Eastern Greek / Thracian, ca. 4th century BCE. Finely hammered and modeled in repousse, a beautiful diadem or plaquette comprised of a copper silver alloy and presenting an impressive icongraphic/decorative program featuring a mounted warrior on horseback at the center flanked by four goddesses who hold cornucopias as well as a seated nursing female at either end. All is surrounded by a beaded border. Scholars believe this riding hero to be the main deity of Ancient Thrace who did not appear to have a name, but instead is referred to as a Thracian Horseman, Thracian Rider or Thracian Hero. The Thracian horseman symbolized victory and strength . Given this, the individual for whom it was created must have been quite important. Metal composition: 57.74% copper, 31.93% silver, 9.22% zinc, less than 1% lead, less than 1% gold Size: 5.5" W x 1.6" H (14 cm x 4.1 cm); 1.6" H (4.1 cm) on included custom stand.
A widespread cult of gods or heroes who appeared as hunters or riders on horseback existed from about 1000 BCE. In addition to the Thracian Rider, other examples include the Greek Dioscuri, Castor and Pollux, the Romano-Celtic Jupiter Taranis and the Danubian rider-gods.
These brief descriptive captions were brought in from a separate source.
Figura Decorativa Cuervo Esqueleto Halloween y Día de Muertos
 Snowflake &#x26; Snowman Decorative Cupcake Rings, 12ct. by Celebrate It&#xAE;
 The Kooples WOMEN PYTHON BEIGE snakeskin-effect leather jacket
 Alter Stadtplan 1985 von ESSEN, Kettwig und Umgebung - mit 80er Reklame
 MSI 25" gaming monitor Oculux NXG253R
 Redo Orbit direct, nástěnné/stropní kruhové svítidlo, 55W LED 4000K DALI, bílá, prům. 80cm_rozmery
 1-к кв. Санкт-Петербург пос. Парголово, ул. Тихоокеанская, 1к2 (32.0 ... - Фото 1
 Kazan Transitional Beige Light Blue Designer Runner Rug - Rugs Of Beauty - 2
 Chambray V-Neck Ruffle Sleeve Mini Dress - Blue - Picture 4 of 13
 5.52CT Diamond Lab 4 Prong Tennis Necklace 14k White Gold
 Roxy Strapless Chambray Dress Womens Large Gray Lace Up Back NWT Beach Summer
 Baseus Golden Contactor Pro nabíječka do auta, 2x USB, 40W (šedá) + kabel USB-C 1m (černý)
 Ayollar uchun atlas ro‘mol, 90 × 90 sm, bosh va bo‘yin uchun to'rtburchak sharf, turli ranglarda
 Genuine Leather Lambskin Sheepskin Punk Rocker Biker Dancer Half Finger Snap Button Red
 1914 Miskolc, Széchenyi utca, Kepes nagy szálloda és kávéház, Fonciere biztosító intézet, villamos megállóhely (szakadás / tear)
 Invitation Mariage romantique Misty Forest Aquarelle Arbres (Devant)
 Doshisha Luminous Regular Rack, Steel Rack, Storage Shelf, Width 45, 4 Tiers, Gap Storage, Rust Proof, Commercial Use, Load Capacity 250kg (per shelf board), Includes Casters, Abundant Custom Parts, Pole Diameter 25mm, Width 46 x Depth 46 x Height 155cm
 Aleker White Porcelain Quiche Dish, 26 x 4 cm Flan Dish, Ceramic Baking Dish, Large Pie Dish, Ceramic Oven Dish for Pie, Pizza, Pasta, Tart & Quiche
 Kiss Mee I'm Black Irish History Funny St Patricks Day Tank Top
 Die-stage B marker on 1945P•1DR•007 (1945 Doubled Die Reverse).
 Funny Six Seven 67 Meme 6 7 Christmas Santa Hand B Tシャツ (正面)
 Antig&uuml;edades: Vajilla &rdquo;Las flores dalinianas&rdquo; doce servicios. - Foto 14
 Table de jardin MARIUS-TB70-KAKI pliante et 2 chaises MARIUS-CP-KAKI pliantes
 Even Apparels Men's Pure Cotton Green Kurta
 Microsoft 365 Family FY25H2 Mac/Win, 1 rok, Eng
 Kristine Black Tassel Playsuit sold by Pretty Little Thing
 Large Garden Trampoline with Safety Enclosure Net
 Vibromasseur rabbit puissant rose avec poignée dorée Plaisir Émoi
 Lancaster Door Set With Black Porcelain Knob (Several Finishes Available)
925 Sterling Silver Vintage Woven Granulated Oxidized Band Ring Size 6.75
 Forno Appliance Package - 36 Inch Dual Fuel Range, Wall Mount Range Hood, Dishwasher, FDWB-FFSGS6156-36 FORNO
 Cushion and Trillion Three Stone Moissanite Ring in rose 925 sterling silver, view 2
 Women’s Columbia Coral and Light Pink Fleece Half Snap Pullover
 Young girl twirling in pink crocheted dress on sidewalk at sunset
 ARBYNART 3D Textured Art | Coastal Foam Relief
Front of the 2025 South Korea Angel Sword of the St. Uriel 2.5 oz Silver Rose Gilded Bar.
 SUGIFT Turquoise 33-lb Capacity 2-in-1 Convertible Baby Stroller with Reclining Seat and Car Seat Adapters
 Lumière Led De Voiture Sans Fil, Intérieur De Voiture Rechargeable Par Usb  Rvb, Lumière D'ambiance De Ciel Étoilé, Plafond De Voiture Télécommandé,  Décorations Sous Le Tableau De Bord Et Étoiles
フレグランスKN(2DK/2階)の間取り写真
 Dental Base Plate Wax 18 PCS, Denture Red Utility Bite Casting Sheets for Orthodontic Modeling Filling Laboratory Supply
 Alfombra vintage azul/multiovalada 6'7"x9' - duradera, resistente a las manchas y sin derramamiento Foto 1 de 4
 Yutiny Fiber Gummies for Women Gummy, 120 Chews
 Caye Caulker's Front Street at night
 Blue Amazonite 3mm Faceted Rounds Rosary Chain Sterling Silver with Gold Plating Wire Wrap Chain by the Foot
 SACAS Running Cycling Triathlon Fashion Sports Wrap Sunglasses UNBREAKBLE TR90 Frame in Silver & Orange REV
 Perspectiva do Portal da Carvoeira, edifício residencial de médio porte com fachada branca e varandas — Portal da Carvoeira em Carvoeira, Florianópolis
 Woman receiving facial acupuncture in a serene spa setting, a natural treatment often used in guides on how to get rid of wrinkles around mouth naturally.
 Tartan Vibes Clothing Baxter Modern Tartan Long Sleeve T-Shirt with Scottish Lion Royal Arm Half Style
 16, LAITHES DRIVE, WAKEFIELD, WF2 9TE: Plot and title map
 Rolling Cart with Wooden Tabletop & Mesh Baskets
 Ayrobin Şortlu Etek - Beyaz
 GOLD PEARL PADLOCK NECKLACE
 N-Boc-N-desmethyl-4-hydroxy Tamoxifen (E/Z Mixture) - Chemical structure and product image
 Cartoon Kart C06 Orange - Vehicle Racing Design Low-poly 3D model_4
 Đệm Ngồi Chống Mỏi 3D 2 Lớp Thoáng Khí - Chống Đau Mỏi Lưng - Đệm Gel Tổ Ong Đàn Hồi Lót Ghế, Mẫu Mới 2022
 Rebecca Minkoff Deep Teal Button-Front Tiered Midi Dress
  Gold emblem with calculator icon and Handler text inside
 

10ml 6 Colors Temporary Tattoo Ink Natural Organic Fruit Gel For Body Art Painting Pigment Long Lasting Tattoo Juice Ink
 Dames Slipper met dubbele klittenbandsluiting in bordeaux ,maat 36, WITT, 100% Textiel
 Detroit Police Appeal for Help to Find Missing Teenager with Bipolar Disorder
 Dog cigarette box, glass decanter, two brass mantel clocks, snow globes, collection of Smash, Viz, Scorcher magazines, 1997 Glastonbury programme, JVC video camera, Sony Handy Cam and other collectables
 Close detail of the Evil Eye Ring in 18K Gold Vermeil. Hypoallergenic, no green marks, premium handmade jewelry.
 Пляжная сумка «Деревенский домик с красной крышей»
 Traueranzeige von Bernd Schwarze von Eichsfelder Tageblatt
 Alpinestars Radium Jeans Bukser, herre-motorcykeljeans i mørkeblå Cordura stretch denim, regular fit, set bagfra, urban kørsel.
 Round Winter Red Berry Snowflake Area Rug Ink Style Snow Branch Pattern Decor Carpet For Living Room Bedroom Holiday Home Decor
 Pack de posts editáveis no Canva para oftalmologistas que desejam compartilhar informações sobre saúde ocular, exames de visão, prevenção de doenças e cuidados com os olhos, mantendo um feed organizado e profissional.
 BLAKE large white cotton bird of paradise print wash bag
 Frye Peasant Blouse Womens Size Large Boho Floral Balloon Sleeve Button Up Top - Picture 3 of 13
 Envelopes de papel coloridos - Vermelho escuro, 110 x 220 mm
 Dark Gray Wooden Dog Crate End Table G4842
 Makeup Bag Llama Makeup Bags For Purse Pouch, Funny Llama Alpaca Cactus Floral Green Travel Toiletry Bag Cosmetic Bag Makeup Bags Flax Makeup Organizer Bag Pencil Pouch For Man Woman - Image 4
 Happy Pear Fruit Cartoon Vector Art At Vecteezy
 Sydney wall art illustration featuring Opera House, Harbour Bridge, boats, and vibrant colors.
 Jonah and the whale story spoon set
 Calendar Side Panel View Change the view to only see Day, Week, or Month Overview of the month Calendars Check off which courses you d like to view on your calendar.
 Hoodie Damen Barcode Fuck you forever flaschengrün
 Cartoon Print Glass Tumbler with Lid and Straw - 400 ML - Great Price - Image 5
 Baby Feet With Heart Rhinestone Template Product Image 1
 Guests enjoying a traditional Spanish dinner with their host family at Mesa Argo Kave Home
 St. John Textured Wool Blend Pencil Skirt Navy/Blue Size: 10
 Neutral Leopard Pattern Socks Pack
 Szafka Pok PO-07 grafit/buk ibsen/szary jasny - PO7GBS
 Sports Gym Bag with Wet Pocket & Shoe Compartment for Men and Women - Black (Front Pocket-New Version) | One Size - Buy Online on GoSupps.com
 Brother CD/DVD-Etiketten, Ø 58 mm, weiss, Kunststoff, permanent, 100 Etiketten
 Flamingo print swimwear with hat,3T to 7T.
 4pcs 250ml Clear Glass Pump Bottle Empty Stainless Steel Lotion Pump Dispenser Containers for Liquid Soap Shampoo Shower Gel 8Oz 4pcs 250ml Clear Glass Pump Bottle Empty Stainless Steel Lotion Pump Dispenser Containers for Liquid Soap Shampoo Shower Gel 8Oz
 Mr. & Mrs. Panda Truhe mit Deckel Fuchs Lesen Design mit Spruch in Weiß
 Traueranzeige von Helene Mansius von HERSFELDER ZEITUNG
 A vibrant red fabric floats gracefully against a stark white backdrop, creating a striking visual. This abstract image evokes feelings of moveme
A superb example that includes this wondrous mythological figure surrounded by goddesses!
Published: J. Eisenberg "Art of the Ancient World" Volume IX (1997) no. 133. Also, on loan to Ball State University Art Museum, George Mason University, Fitchburg Art Museum, 1997-2016.
Provenance: ex-K.D. Collection, Linden, Michigan, USA; acquired from Royal Athena in November 1986. Published: J. Eisneberg "Art of the Ancient World Volume IX (1997) no. 133. On loan to Ball State University Art Museum, George Mason University, Fitchburg Art Museum, 1997-2016.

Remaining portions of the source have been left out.